The decline of the castle

After reading about the lords of Bourscheid, Hugo wondered where their pride was. “We are wandering around in a ruin here,” wrote the poet. “Wandering around is walking in a place that is difficult to find again, in this case an area of 70 hectares. Where the many landslides make it impossible to create order. It is the shattering of walls and towers by a terrible fist”. The image Hugo creates is of epic dimensions, but does not reflect the truth. The weapons of the assailants, including Marshal Bouffler, were not responsible for the ravage. It was the neglect of the lords living there at the end of the ancien régime. They did nothing to maintain the great building. But it is the greed of the heirs who sold the dilapidated castle at auction in the early 19th century that should be seen as the destructive deed. 

Flowers and drawings as a reminder

From then on, vegetation took over. Briars and bushes came up everywhere. Flowers, sown by the wind, bloomed amidst the rubble. One of those flowers that Hugo picked in Bourscheid on 20 September 1865 still exists! It is kept in an album of Hugo's that resides in the National Library in Paris. The flower is attached to a page where it covers three stanzas of Manuscrites de Senior est junior, a poem included in Les Chansons des Rues et des Bois. In addition to the flower, two drawings kept in Paris’ National Library, bear witness to the day’s excursion on 20 September 1865. Hugo, who, according to the writer Gaëtan Picon, liked to record everything he saw, always carried a pencil, a pen and a sketchbook. His graphic work, which is relatively unknown, comprises two volumes, each of more than a thousand pages. His work is published by Jean Massin as Oeuvres complètes. The two drawings made on 20 September show the state of Bourscheid Castle at that time. 

The beauty of the Ardennes

Hugo found the ruin ‘admirable’, like the entire landscape in which a lord had decided to settle down a thousand years before. Chateaubriand spoke of the open character of the ruined monuments, exposed to the sky and to nature. Hugo and his party had to seek out the most observant people to explore the region of the Ardennes. The valleys and plateaus, the slopes of steep mountains bedecked with oaks, the Sûre and its meanders, the cottages in the villages. Hugo wrote, “The view is magnificent”. In an unpublished note in his notebook, he added, “Mr Pauly-Strasse has brought wine from the Moselle and water from the Seltz. Both are most welcome in this ruin”. In other unpublished notes, he wrote of steep alleyways leading to Vianden. The notes also mention that, as in 1863, the Philharmonic Society was giving a serenade for an illustrious guest in the city. The next day, 21 September, at two in the afternoon, Hugo and his party moved on to Clervaux. 

Warm reception for Hugo

Hugo did not return to the Ardennes over the next few years. But the loveliest memory he retained of our country was the reception he received from the people.

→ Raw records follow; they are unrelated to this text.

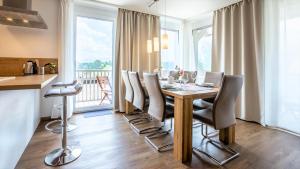 陶普利茨Alpine Appartement Top 4 by AA Holiday Homes的一间带桌椅的用餐室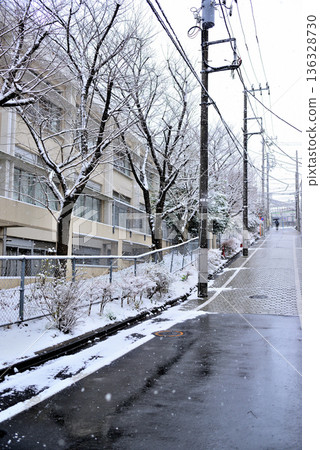 東京澀谷區代代木上原站附近,一片寧靜的高級住宅區,飄著小雪。 東京澀谷區代代木上原站附近,一片寧靜的高級住宅區,飄著小雪。 136328730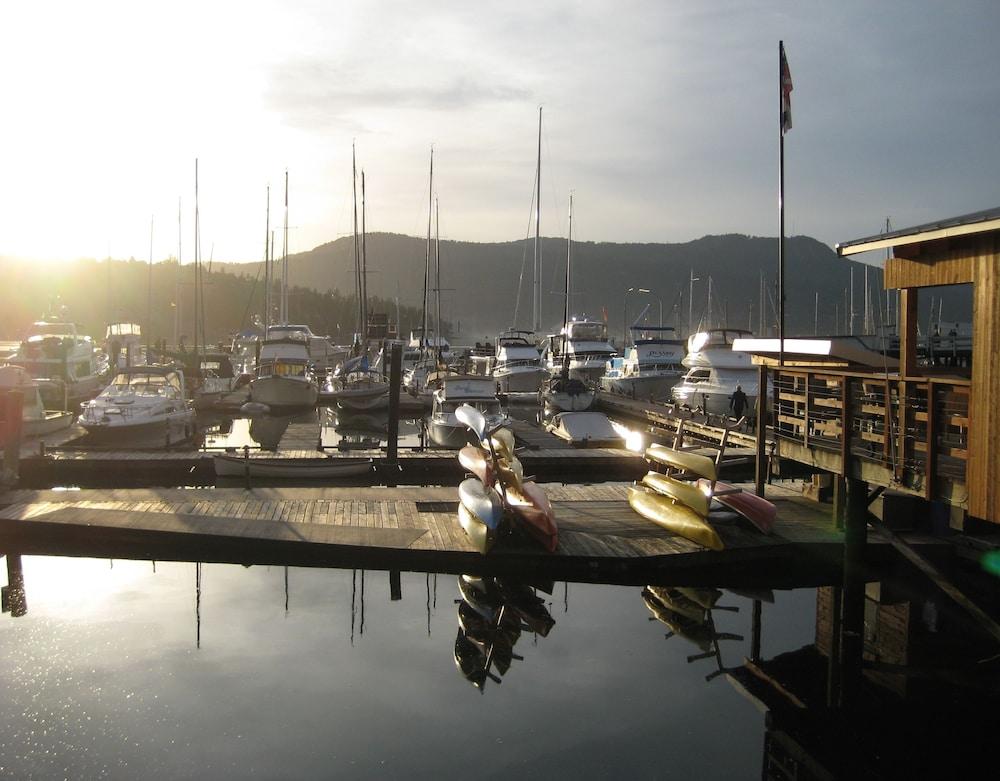 Brentwood Bay Resort&Spa Exterior foto
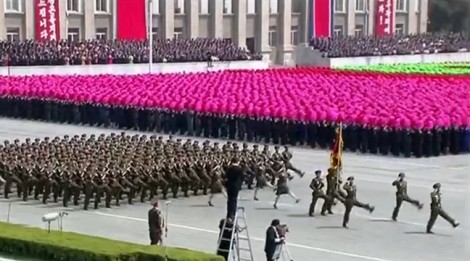 Triều Tiên duyệt binh rầm rộ, thực chất muốn khoe tên lửa tối tân?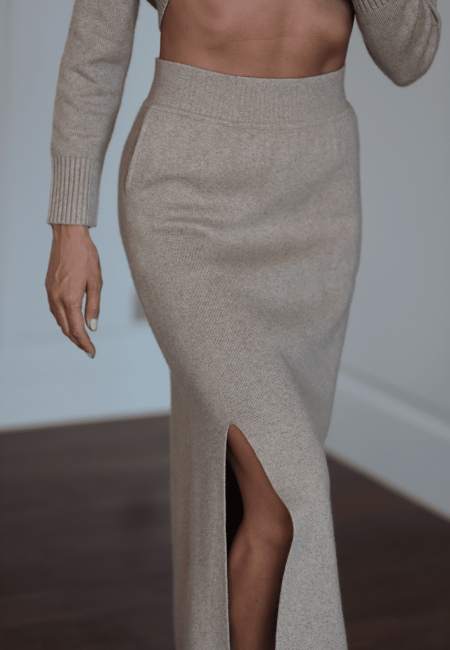 Юбка из кашемира с разрезом и карманами бежевая LND23-20-3023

When he was exiled from Belgium in 1871, he chose to flee to Luxemburg. That year, he again spent the summer in Vianden. In July, Paul Meurice and his wife were his guests for ten days. Meurice, who had been held prisoner by the victors after the defeat of the Commune, was a faithful friend and great admirer of Hugo. It was Meurice who later set up an important museum for Hugo. 

Second visit to the ruin

Hugo wanted to show his guest a few feudal ruins. On 16 July he led them round in Larochette, where burgomaster Jean Knaff invited them to lunch. The next day, they took a trip to Bourscheid, with Juliette Drouet and François-Victor, as in 1865. It was quite hot, but still more pleasant than Paris. According to our newspapers, the temperature rose to 35 degrees. As the weather was so good, Hugo hired an open-topped carriage and a coach for the day from Pierre Wahl, who lived in Rothergasse. The route he took this time was different from the route in 1865. “We went not by way of Brandenburg, but by way of Diekirch”. They drove through the valley along a path that lay further to the north than the road the coachman Baptiste had followed six years earlier. The remains of Bourscheid Castle appeared in the distance. “A wonderful view of the ruin from here in the mountains,” wrote Hugo.

Slaking their thirst during a brisk walk 

The party that had set out from Vianden shortly after midday arrived four hours later in ‘the village below’ – Michelau. During the long journey in the sun they worked up a thirst. One of the three cafés - Frieders, Reiles and Malget – therefore had the honour of serving milk and beer to the five travellers who later reached the top echelons of French literature. “Then we continued on foot to the ruin”. For several years already – since the building of the railway to the northern region – it had been possible to cross the Ur by the railway bridge. Thus they embarked on a difficult climb of around half an hour. Hugo – who was 69 at the time – and his mistress, who was slightly younger – proved excellent hikers. In a letter from the Rhine he wrote, “You know my taste. I never have any trouble in continuing my journey by foot, that is walking”.

Admiration for the ruin

The Bourscheid ruin had hardly changed since 1865. A number of landslides had piled chunks of rock one on top of another and the cracks in the walls had multiplied. “An old, solid stronghold,” wrote Hugo, thinking of what the ruin had endured in all those centuries. Without mercy for the enemy and, too often, for the local population, they were dominated by powerful masters. “Un burg,” he added. A word French Romantics deliberately adopted from the German. A burg that resembled other ruins he had seen in his travels along the banks of the Rhine.

Lines of poetry in the guestbook

The two women living in the tower at the entrance to the castle – of whom Hugo had made a drawing that has still not been found – were no longer there. Suzanne Bartz had died in 1865 and her granddaughter Marie could not wait to fly ‘the dreadful nest’. There was therefore a kind of warden in the castle. His name was Nicolas Reis and he came from Schlassnékel. Hugo wrote, “A porter gave me a guestbook to sign my name in next to those of Paul Meurice and Victor". It is a pity the guestbook has been missing for years now. Some say that Hugo added a few lines of poetry:

Ruine sombre

Château fort

Dis le nombre

De tes morts

Notre vie

Qui t’envie

De ta mort

Regrette le sort (1 2)

Ruin in a deserted landscape

They returned to Vianden, arriving at nine thirty. They made the journey by Michelau’s ‘high road’. That way, the five tourists saw the castle from the same place from which they had set out, the difference being that a shadow now hung over the hill. This is the view – with the forlorn, ghostly ruin staring up into the dark sky – that inspired Souvenir de Bourscheid. Hugo wrote the piece on 17 July. Joseph-Emile Muller noted, “The bird flies with great wingbeats – is he leaving? One might think he wishes to escape. As if this nocturnal landscape banishes all human life”.

Hugo, the famous tourist

Hugo’s visit to the ruins of Bourscheid is also mentioned in a text from Luxemburg literature. The author - Joseph Tockert – mused on the fact in Am Vôlkenberg. Tockert and his ladylove Juliette were picnicking in the shade when the village schoolmistress came up in a blue blouse with a request from the mayor. As asked, in his best French Tockert wrote twelve pages on the visits of the famous tourist Hugo and his companions.